Provided records START
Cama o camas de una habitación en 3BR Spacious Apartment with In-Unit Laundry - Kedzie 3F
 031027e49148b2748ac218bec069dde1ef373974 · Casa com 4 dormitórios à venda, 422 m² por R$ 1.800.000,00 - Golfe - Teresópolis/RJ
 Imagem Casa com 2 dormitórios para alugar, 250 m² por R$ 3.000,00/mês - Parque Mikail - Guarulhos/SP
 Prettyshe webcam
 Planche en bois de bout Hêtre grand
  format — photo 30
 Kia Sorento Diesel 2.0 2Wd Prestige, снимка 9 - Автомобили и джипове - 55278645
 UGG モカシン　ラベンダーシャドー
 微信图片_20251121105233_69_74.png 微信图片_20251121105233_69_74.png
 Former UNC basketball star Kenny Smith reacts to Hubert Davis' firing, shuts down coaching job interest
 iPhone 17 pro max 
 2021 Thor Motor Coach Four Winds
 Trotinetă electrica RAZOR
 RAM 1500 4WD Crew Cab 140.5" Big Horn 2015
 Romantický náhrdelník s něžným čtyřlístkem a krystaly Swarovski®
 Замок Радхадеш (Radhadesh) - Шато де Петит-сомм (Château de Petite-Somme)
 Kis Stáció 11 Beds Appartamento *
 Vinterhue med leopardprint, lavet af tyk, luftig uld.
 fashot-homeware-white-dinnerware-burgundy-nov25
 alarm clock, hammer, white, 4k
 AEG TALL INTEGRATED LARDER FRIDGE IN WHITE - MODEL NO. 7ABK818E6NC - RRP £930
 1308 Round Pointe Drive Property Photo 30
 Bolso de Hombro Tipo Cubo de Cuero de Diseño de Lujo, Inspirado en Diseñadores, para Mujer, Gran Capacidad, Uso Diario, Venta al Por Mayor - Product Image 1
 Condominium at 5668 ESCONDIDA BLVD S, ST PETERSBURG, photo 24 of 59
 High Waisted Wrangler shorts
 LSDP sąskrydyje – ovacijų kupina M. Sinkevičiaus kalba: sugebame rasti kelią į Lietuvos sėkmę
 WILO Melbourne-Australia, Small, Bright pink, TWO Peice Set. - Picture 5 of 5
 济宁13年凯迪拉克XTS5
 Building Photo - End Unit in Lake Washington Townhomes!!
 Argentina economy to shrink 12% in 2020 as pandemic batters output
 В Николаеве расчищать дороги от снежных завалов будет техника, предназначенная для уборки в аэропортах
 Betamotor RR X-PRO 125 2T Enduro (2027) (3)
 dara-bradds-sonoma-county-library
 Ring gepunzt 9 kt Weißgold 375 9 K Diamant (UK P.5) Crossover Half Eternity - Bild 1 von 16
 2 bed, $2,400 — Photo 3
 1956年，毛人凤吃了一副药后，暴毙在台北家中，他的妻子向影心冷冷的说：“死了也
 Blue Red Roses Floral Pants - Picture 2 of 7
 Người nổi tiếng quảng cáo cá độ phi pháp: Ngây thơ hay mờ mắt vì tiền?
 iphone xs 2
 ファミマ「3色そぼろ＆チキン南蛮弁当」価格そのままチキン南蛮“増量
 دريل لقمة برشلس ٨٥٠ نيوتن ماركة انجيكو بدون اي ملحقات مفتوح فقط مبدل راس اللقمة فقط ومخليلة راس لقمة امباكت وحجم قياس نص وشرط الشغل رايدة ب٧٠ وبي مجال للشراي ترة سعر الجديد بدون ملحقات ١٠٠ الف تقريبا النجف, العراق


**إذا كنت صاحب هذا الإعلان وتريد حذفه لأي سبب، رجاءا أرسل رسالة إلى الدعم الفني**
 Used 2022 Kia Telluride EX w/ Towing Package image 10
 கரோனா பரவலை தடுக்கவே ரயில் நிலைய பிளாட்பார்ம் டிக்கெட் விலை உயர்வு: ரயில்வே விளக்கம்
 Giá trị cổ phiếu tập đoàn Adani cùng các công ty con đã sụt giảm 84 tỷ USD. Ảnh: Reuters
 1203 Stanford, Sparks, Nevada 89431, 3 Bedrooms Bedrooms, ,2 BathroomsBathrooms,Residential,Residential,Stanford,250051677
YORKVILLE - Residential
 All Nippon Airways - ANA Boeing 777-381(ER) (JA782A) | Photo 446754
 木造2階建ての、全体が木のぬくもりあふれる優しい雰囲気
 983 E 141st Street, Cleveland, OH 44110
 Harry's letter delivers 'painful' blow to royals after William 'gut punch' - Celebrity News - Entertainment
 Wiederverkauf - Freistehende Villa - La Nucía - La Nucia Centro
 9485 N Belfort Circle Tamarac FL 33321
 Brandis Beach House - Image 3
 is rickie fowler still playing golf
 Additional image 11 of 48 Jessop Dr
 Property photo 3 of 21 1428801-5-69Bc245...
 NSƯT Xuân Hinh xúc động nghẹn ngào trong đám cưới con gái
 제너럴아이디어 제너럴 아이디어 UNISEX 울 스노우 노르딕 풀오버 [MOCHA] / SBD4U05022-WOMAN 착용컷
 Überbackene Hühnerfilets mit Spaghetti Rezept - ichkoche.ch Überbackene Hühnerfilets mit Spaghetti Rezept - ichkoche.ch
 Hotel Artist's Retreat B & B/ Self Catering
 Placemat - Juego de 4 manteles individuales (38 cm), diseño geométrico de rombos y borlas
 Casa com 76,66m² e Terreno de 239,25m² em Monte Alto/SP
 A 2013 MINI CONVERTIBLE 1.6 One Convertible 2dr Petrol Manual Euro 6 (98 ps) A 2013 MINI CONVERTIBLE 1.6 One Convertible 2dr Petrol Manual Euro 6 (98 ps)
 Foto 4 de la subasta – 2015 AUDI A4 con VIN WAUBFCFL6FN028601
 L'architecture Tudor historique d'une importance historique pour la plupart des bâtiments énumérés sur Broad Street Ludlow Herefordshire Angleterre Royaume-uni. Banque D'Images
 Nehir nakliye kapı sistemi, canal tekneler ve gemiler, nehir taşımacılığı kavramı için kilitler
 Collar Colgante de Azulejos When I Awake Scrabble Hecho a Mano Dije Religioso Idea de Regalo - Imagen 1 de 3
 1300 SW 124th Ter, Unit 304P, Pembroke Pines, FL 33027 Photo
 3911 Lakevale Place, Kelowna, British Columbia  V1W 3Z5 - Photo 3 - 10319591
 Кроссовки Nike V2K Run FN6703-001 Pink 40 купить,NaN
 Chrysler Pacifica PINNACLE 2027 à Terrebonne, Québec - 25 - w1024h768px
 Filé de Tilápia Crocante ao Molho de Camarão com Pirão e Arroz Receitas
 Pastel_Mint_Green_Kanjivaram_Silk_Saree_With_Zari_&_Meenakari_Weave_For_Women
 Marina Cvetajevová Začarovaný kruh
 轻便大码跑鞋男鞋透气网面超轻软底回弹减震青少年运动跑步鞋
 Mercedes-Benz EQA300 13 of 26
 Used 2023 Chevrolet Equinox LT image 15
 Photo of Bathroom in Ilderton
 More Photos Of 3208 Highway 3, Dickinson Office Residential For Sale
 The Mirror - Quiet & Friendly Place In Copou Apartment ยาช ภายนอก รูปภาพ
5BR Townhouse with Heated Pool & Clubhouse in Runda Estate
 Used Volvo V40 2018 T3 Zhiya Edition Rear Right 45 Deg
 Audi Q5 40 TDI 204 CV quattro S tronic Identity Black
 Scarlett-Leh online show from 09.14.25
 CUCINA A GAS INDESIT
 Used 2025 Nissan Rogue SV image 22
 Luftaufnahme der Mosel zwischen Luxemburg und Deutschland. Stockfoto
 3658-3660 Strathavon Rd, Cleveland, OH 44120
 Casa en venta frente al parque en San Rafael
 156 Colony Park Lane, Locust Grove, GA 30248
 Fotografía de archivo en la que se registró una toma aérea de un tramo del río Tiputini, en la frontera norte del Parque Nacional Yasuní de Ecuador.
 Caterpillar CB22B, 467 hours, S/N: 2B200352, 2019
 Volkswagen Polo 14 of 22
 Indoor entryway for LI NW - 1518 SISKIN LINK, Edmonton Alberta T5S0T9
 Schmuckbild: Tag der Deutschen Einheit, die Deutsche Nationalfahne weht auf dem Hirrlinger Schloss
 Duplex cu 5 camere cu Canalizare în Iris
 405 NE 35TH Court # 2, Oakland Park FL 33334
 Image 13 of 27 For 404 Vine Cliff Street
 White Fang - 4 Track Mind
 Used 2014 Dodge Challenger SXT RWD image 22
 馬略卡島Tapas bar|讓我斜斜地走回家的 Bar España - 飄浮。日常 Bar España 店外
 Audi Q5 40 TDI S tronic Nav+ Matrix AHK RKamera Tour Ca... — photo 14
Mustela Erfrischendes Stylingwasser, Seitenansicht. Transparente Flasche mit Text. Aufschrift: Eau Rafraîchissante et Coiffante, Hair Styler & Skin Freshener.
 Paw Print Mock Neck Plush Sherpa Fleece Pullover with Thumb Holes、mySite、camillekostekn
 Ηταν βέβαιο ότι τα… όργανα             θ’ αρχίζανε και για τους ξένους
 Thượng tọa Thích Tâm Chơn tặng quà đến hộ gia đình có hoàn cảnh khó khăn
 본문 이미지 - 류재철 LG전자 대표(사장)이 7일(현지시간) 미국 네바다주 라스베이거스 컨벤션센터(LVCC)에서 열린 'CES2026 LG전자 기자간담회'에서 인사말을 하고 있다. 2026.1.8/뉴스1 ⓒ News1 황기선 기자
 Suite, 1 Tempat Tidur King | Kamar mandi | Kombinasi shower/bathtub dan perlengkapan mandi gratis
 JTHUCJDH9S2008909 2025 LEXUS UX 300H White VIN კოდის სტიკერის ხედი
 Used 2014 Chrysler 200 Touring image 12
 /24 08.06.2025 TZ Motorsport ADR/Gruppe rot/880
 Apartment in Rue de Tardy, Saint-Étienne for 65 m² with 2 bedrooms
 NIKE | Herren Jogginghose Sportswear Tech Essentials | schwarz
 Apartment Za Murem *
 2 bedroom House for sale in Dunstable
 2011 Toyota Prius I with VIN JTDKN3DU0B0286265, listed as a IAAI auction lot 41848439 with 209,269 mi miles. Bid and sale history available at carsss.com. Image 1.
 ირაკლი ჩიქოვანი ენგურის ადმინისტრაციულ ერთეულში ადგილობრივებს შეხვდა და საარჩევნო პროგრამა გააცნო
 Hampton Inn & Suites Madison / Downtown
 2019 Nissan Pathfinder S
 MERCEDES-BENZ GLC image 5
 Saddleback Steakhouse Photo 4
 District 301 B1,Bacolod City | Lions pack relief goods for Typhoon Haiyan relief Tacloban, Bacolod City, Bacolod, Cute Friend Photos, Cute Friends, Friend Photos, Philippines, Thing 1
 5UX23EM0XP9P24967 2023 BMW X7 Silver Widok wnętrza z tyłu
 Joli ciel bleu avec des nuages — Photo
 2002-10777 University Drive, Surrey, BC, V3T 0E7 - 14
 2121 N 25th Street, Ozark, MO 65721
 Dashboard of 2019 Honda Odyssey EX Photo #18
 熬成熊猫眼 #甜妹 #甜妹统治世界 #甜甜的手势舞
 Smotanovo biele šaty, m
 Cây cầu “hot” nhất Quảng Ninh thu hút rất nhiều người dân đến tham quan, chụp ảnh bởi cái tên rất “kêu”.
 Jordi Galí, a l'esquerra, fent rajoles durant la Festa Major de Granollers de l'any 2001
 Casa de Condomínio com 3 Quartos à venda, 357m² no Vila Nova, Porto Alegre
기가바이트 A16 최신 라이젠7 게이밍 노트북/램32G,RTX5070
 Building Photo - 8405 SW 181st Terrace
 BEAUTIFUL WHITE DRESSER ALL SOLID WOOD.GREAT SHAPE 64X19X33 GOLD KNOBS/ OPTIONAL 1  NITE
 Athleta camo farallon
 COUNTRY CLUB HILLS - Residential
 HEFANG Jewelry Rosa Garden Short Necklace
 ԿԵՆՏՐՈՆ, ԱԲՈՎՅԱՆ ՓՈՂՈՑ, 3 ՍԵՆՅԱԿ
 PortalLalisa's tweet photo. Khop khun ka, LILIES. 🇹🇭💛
Provided records END
How many lines of the data contain the word "Street"? Answer with the number alone.

Response to this task:
4